You "get" it. You made the turn-around, she sees it - may not think she can trust it yet...but she sees it.

You have all the good qualities of a relationship that I've listed above.

The ONLY thing I see you still doing, is waiting. You're waiting.

My H says that ALL the time, "I'm just WAITING for a sign from you...I'm just WAITING for you to come to me" and I wanted to make it a point to put it on this board, and it's kinda deep - so bear with me:

What are we waiting for? Are we waiting for our sitches to mold into the ideal outcome we have imagined in our brain?

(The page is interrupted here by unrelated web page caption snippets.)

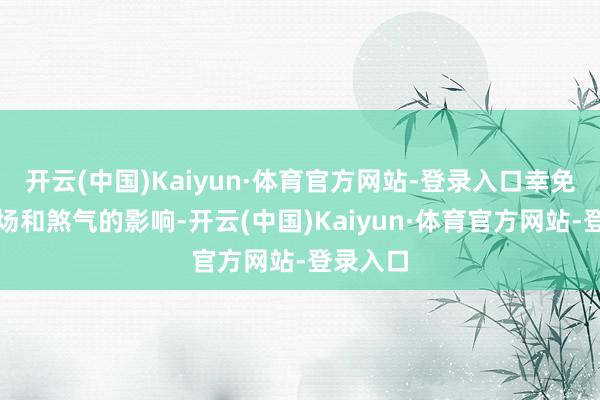 开云(中国)Kaiyun·体育官方网站-登录入口幸免不良磁场和煞气的影响-开云(中国)Kaiyun·体育官方网站-登录入口
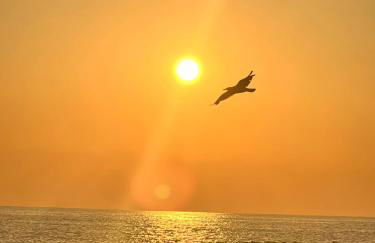 ROMA GOLDEN BEACH Apartment - Foto 31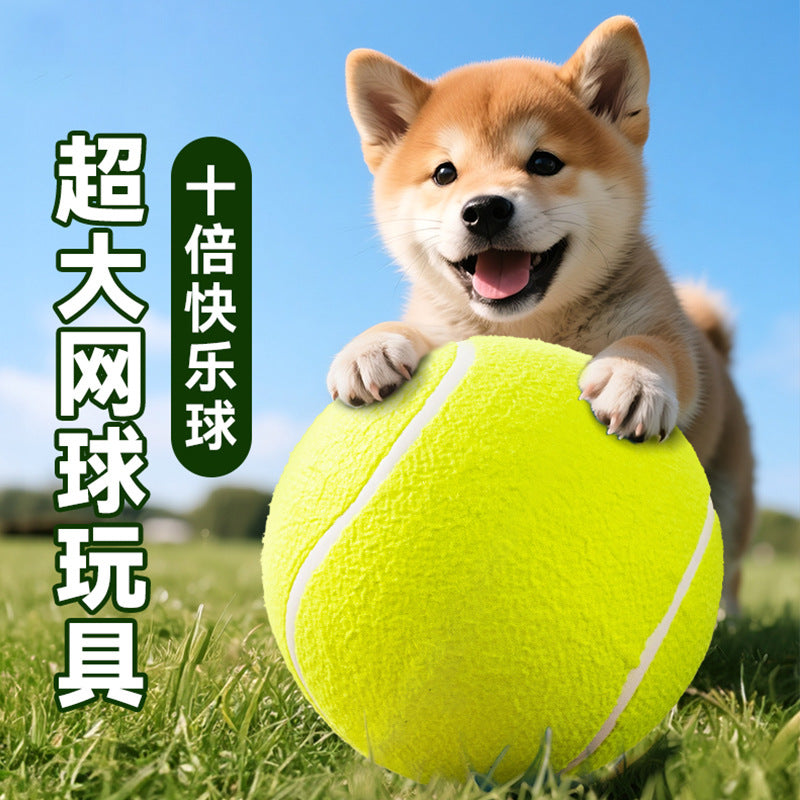 bc086d9b-e762-4354-96d2-8560154b7c7c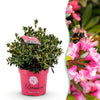 Zwerg-Rhododendron ‚Bloombux Magenta' – Rhododendron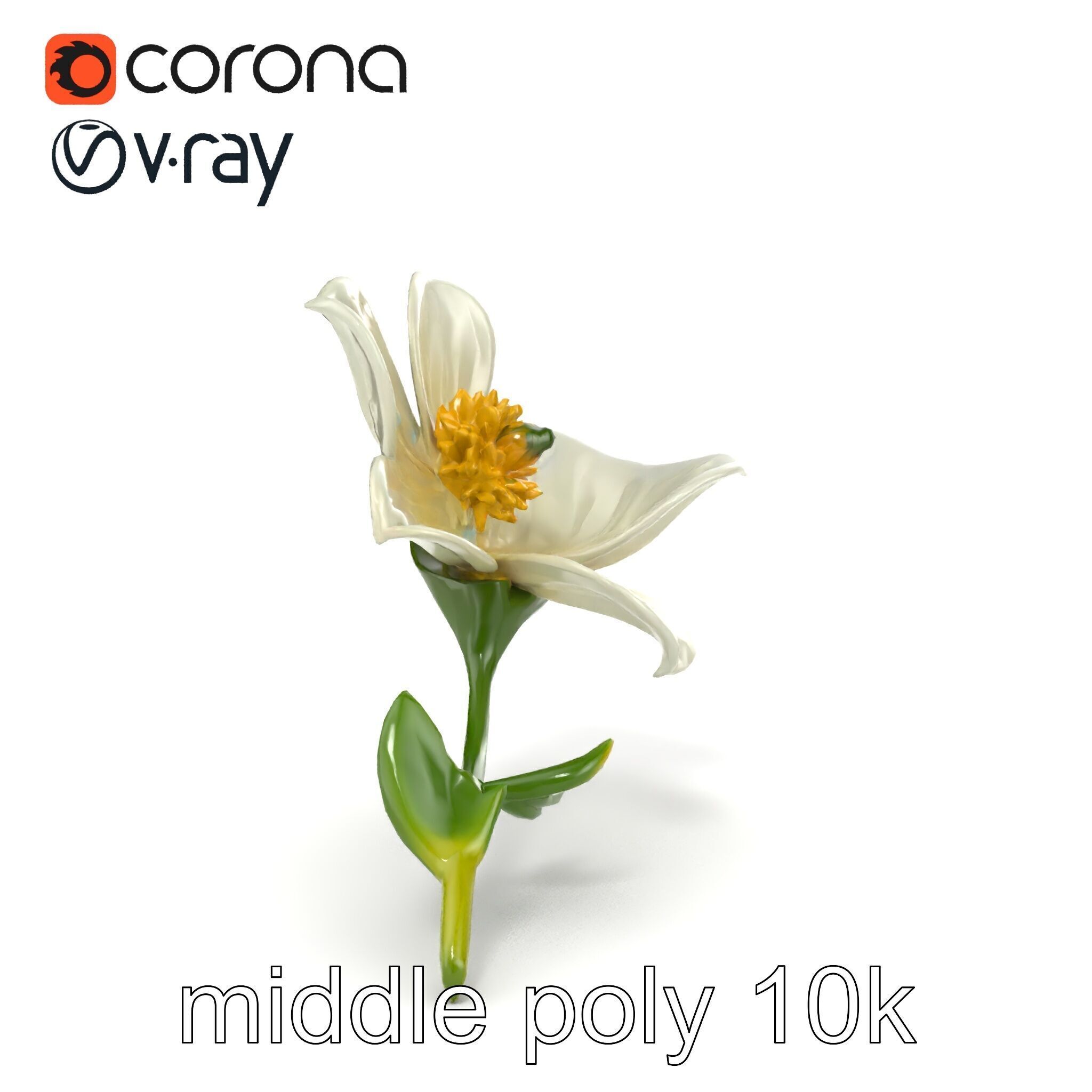 Elegant White Petal Flower 3D Model Pack Low-poly 3D model_12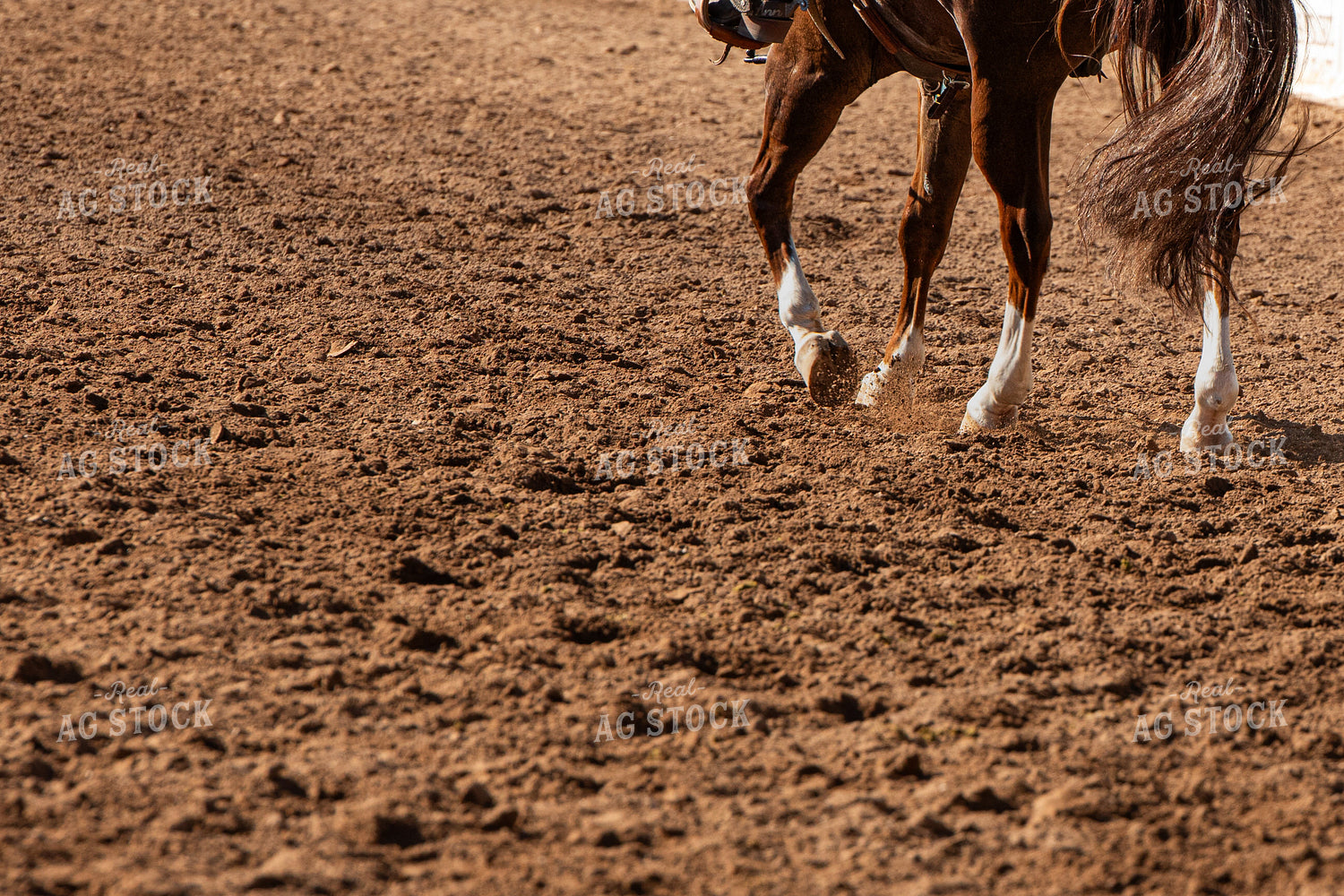 Horse Galloping 189050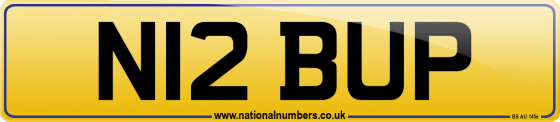 N12 BUP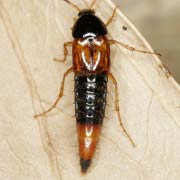 Bolitobius cingulata (7–9 mm)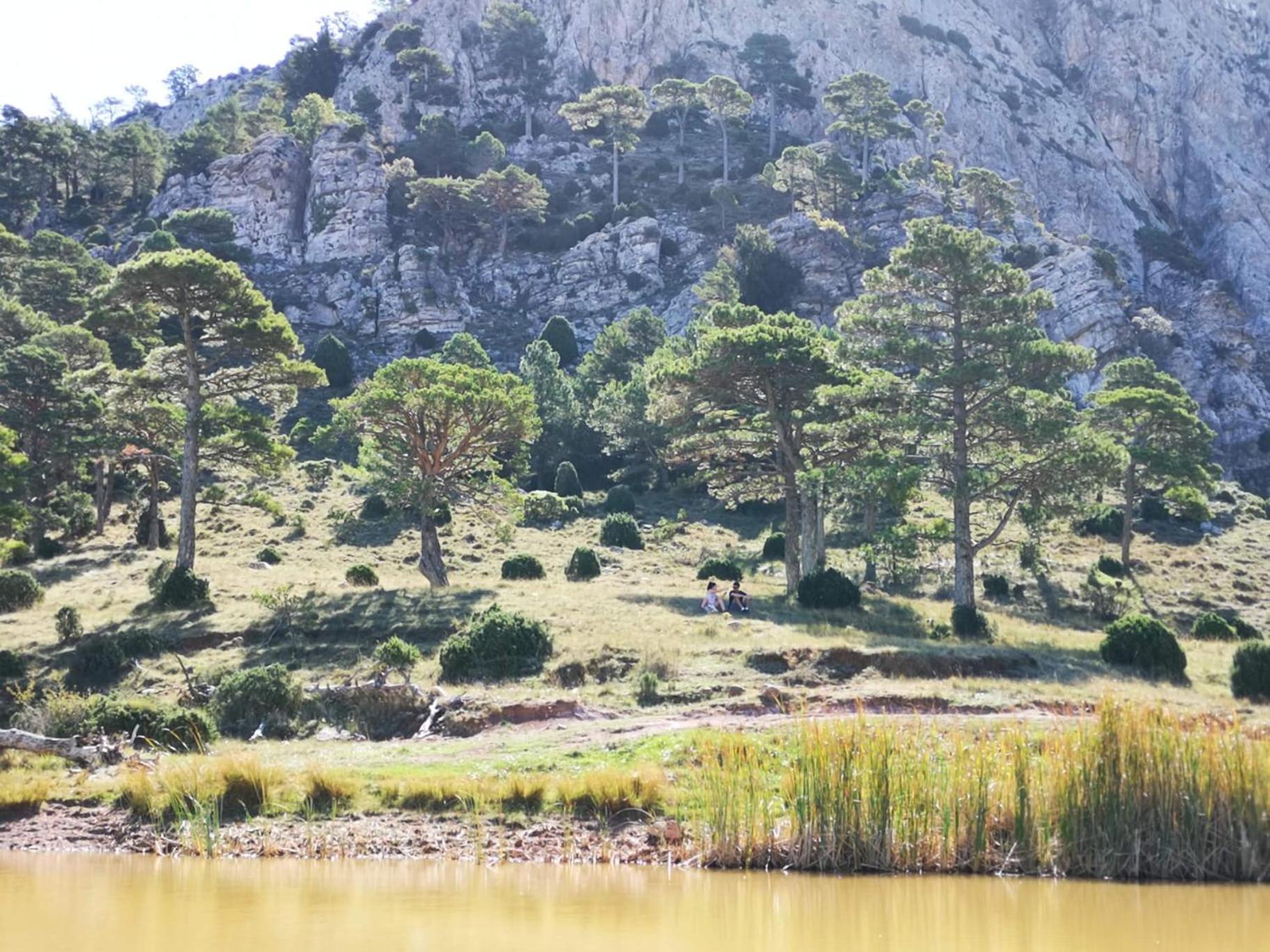 Vila L'Antic Forn De Pauels Exteriér fotografie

I think it's too much pressure on ourselves if we do.

All we have control over is right NOW. That's it. Screw the past. It's done. We may not have a bit of future. God may pluck us off the planet in the next five minutes...who knows?

SO! The ONLY thing under our control is Right Now. So worrying about our future does nothing but stress us out.

We just need to live, to be...take each moment and make it as good as it can be, and be grateful for it. [Sidenote funny: I've said this to H before and he takes as me meaning the 70's mindset of Peace, Free Love, Free Sex. - CRACK me up - *sarcasm* Yeah...In your head now I'm not only having an A! I'm a flowerchild that believes in Free Love!!]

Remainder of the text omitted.